As is so often the case, it is through the traveler’s local proxy, here the poet Mesihi, that the city opens up. Guided by this poet, this man very much in love with his visitor, Constantinople becomes a twilight and midnight and dawn city, nights of wine and melancholy, poetry that Michelangelo only half understands to be about “love, drunkenness and cruelty.” As night falls, evening after evening, Énard’s tone broadens, the perspective widening into a descriptive beauty that he denies in the austerity of daylight.
They head west, where the sun has disappeared, leaving a pink trail above the hills; they pass the grandiose mosque that Bayezid has just finished, surrounded by schools and caravanserais; they follow the crest a little, then go downhill before reaching the aqueduct built by some forgotten Caesar which bisects the city with its red-brick arches. There is a little square there, in front of a church dedicated to Saint Thomas; the view is magnificent. The fires on the Pera towers are lit; the Golden Horn is lost in the meanderings of dark fog and, to the east, the Bosphorus outlines a grey barrier dominated by the sombre shoulders of Santa Sophia, guardian of the gap that separates them from Asia.
It is at night, too, that Michelangelo encounters the voice that begins the novel, a dancer who moves furtively in and out of the story, occasionally a distant silhouette disappearing into shadows, in other moments supplanting the narrator to speak directly to the artist and, by extension, us. The tragedy of this figure, at times both man and woman, bears the emotional and moral core of the novel, propelling a breathless intrigue that carries Tell Them to its remarkable final act. “If you had breathed the madness of love into me,” the dancer says to a sleeping Michelangelo, unable to hear, we gather, even if he were awake, “perhaps we could both have saved ourselves.” A bridge goes up and a bridge comes down, and history records neither its creation nor its fall.

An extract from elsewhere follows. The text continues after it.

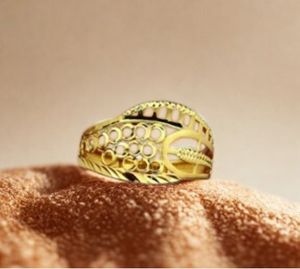KINNOWA JEWELLERS Bague de mariage tendance en or jaune filigrané pour femme |   Vêtements légers ajourés pour tous les jours - Product Image 1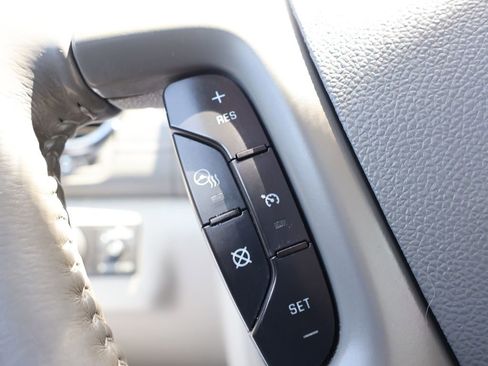 Used 2021 Buick Enclave Essence w/ Sound and Sites Package AWD/4WD image 15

With Tell Them of Battles, Kings, and Elephants, Matthias Énard continues his role as a profound chronicler of loss, a scribe of the long, sad story of Europe’s relationship with Asia. The Western imagination, his texts insist, is only ever partially capable of accepting the difference of its neighbors. Even as the tragedies of history are spoken, the listeners are asleep. And yet, Énard remains optimistic, his novels a powerful reminder that the possibility for connection remains. “Beauty,” Énard writes, “comes from abandoning the refuge of the old forms for the uncertainty of the present.” Would so-called Western civilization more easily recognize its debt to points east, had the events of this novel transpired? Perhaps. But perhaps, uncertain, the lesson is worth learning all the same.